**Records to use**
========

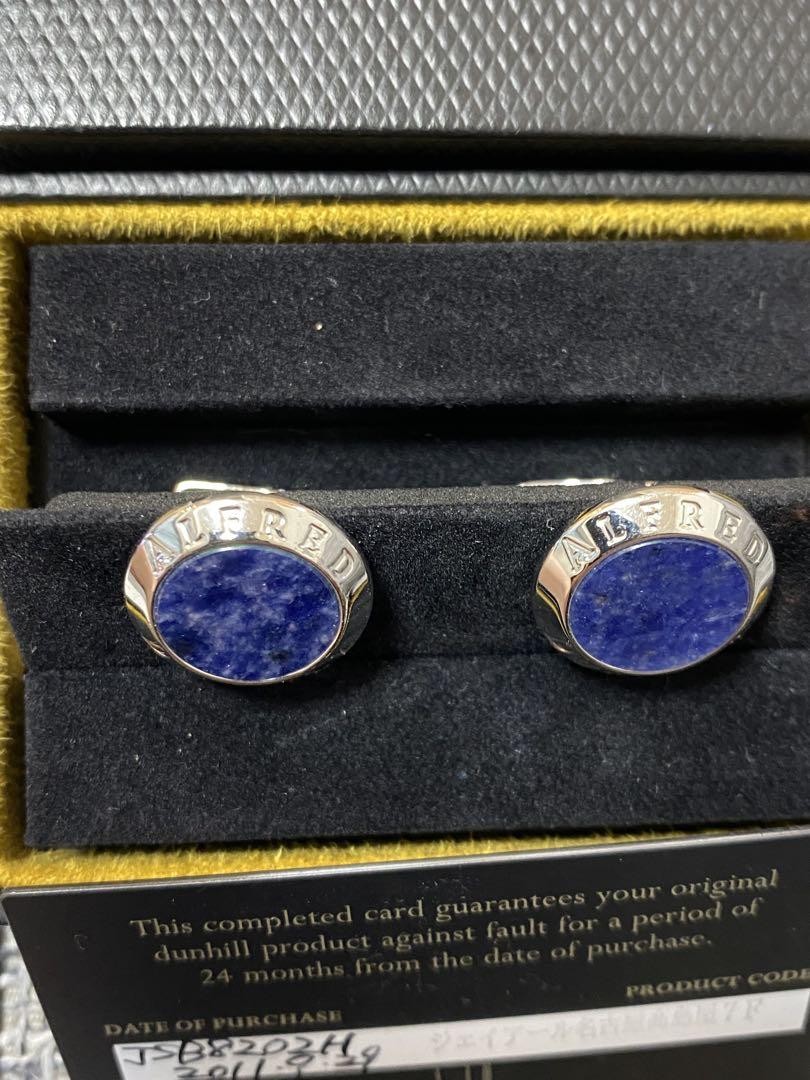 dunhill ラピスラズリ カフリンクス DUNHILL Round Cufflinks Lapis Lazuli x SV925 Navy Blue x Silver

========

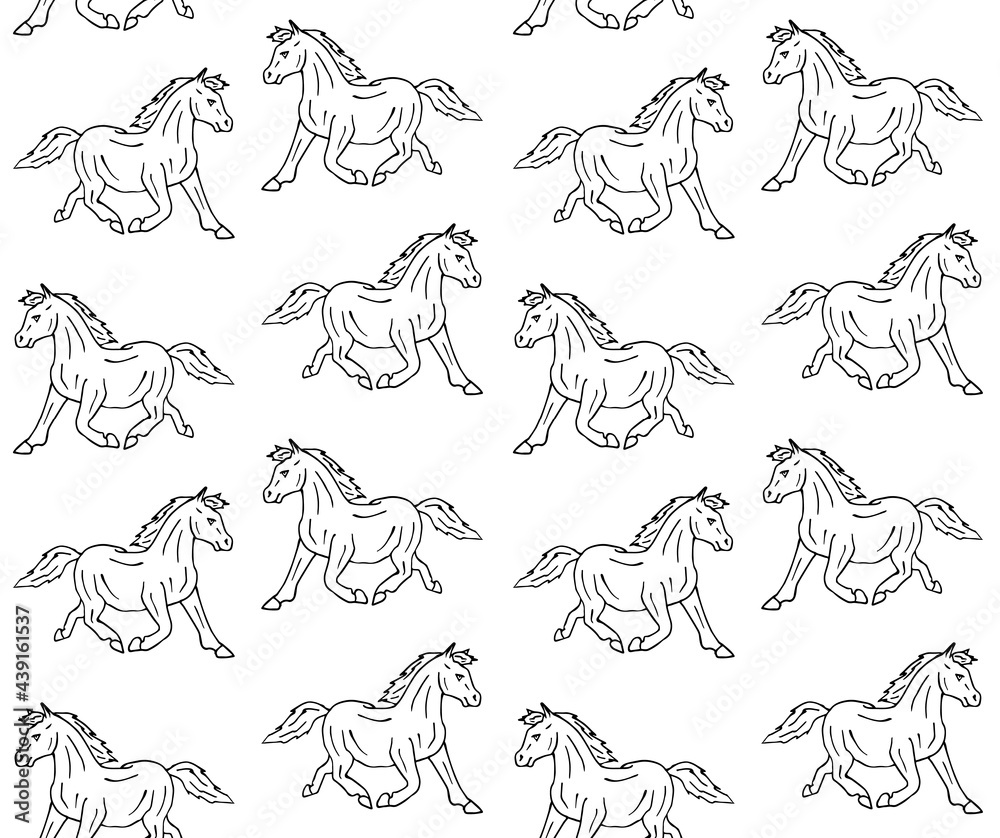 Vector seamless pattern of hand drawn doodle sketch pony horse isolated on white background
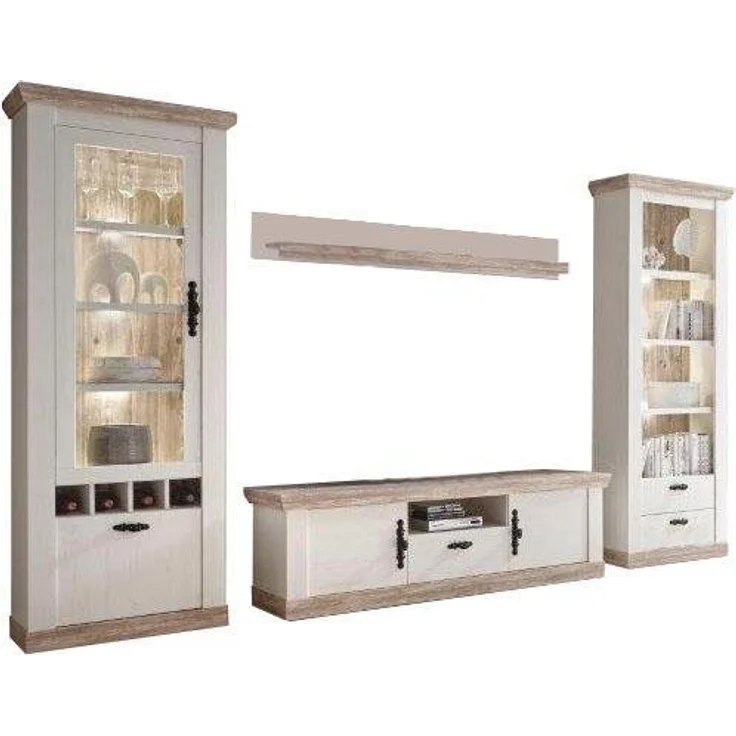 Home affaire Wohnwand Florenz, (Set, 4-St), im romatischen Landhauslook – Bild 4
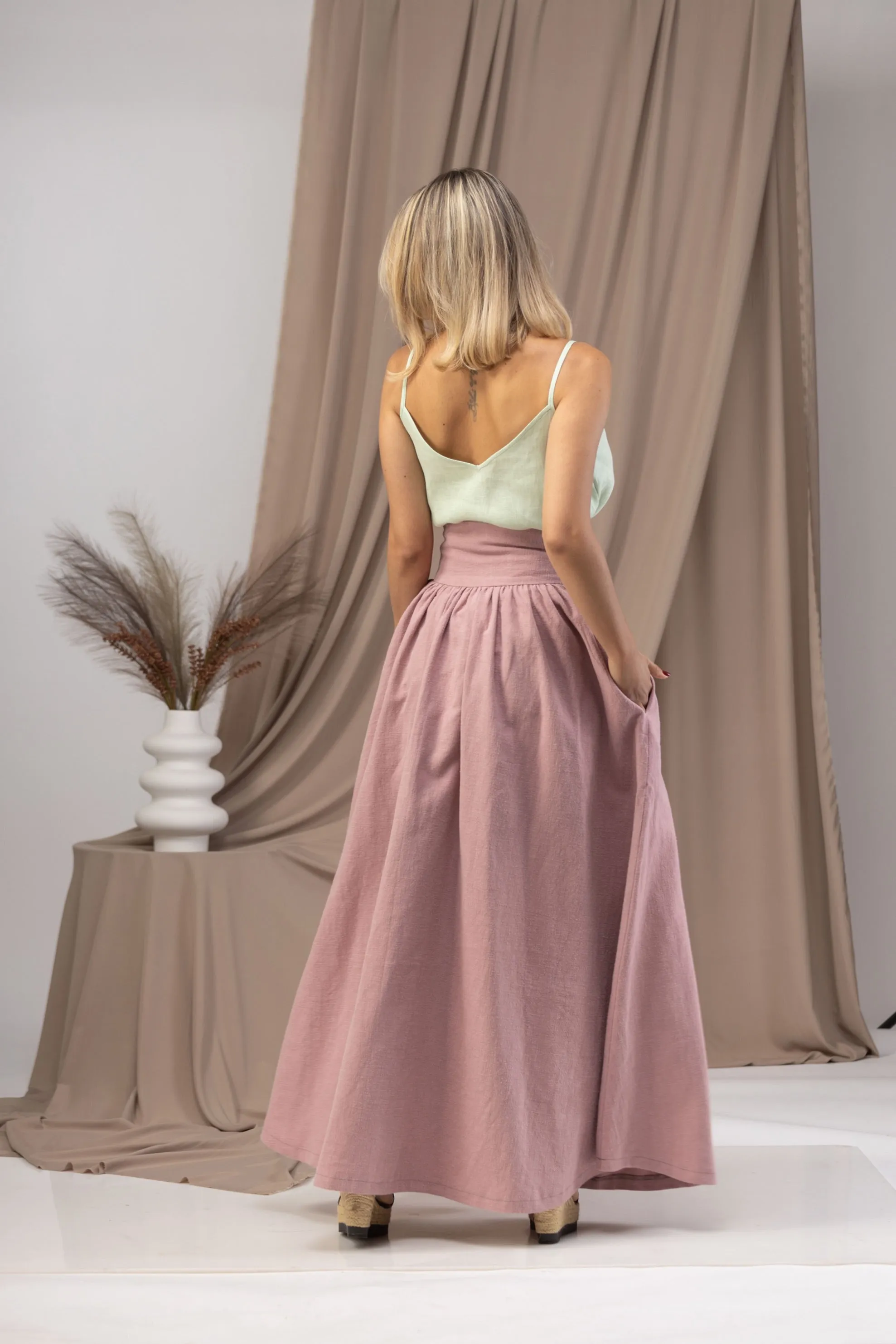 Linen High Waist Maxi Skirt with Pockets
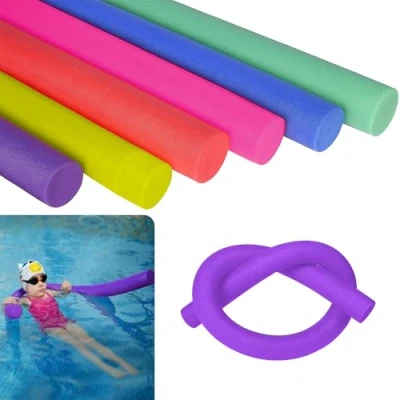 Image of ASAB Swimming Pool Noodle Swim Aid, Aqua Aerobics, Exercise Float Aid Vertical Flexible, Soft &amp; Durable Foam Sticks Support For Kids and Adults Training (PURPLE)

========

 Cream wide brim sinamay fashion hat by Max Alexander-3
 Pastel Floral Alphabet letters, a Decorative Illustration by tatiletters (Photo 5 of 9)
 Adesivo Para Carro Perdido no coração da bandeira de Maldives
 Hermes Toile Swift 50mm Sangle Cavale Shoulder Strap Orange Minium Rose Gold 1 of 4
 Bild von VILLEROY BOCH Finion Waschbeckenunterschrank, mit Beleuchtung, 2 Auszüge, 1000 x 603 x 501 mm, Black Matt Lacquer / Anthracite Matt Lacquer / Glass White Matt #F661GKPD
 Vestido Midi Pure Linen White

========

**Work instruction**
Look through the data above and return exactly the lines from the one that contains "Hermes Toile Swift" to the one that contains "Vestido Midi Pure Linen White", inclusive, with nothing else.

**Result for this task**
 Hermes Toile Swift 50mm Sangle Cavale Shoulder Strap Orange Minium Rose Gold 1 of 4
 Bild von VILLEROY BOCH Finion Waschbeckenunterschrank, mit Beleuchtung, 2 Auszüge, 1000 x 603 x 501 mm, Black Matt Lacquer / Anthracite Matt Lacquer / Glass White Matt #F661GKPD
 Vestido Midi Pure Linen White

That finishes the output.